The 13th Warrior (1999)

Rating: C-

Dir: John McTiernan
Star: Antonio Banderas, Vladimir Kulich, Dennis Storhøi, Clive Russell

Renamed from the far more catchy Eaters of the Dead, this wasn’t a much troubled production at all, dear me, no. The year-long delay was merely to avoid competing with the other Banderas sword-fight pic, Mask of Zorro. Honest! Hmmm… Whatever the truth, this looks like a typical Michael Crichton adaptation, with the depth removed and only the exciting bits retained. Banderas is a Muslim who ends up press-ganged alongside a dozen Vikings, fighting a horde of… things… which are terrorising a village. Lots of crunchy swordfights and inter-tribal bickering, and it’s all terribly macho, women are kept firmly in their place — round the camp fire.

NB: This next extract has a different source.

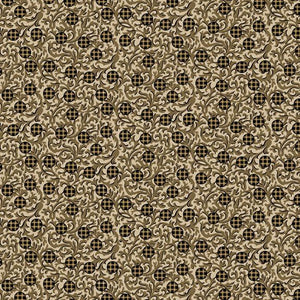Bluebird Manor Gingham Dots Tan by Paula Barnes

Save for the hero though, no-one else has any character to speak of; the other twelve warriors all look like Norwegian death metal fans on their way to a church burning. When you discover what the “things” are, it’s somewhat disappointing, and you can’t help thinking, “Is that it?”. There are flashes of brilliance here, such as at the end, where the warriors read their own funeral rites. Unfortunately, these only serve to illuminate the darkness and show what might have been, and leave me surprisingly keen to read the book but not bother again with the film.